Son héroïne - Séverine Vidal

Rosalie sauve Jessica d’une agression dans le tramway. Elle la raccompagne chez elle en taxi pour plus de sureté. Le lendemain, Jessica veut remercier celle qu’elle appelle « son héroïne » autour d’un verre, dans un café. Par pure courtoisie. Mais Rosalie voit les choses autrement. Elle pense que Jessica a besoin d’elle, que sa présence est nécessaire afin que la jeune fille s’ouvre au monde, à la culture, à une vie plus épanouissante. 
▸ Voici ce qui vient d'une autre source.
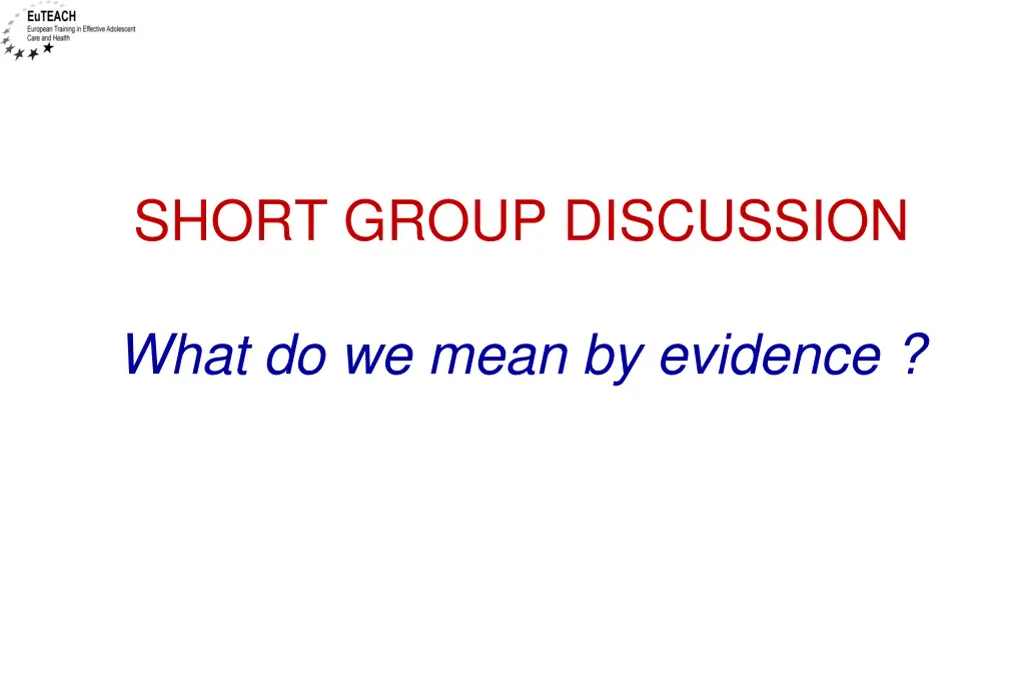 short group discussion 1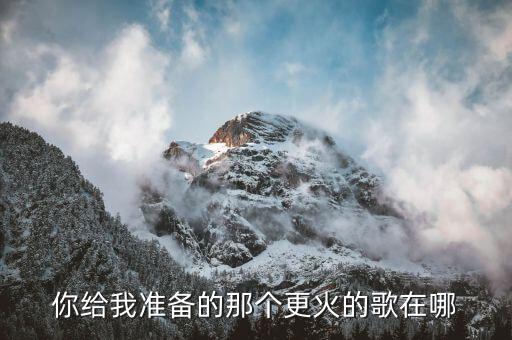 你给我准备的那个更火的歌在哪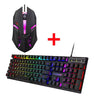 104 Key Backlit Mechanical Keyboard Wired Gaming Keyboard Waterproof Luminous Keyboard And Mouse Set for Gamer PC Laptop Office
Pour prendre soin de sa protégée qui ne lui a rien demandé, Rosalie devient de plus en plus pressante, de plus en plus envahissante. Au point d’imaginer des stratagèmes de plus en plus inquiétants…

Le roman décrit avec une précision diabolique une forme de harcèlement qui fait de la vie de Jessica un véritable enfer. L’engrenage s’enclenche peu à peu, inéluctable, et la sauveuse devient étouffante, usant à la fois du chantage affectif et d’une redoutable manipulation psychologique. Pour autant Séverine Vidal ne donne pas dans le manichéisme basique, elle interroge sur les réelles motivations de Rosalie, puise dans son histoire personnelle douloureuse pour montrer qu’elle est à la fois coupable et victime, à la fois toxique et elle-même en grande souffrance. 

Un texte qui gratte. L’impression de malaise, d’abord diffuse, devient de plus en plus lourde, mais une fois encore les choses se déroulent en finesse, à tel point qu’au final, la harceleuse, dans toute sa fragilité, devient le personnage le plus touchant du récit.

Son héroïne de Séverine Vidal. Nathan, 2020. 60 pages. 8,00 euros. A partir de 15 ans.


PS : Son héroïne fait partie des premiers titres de la collection Court toujours, une collection destinées aux 15-25 ans qui offre, à travers l’achat de l’ouvrage « papier », les versions numériques et audio accessibles via une application dédiée.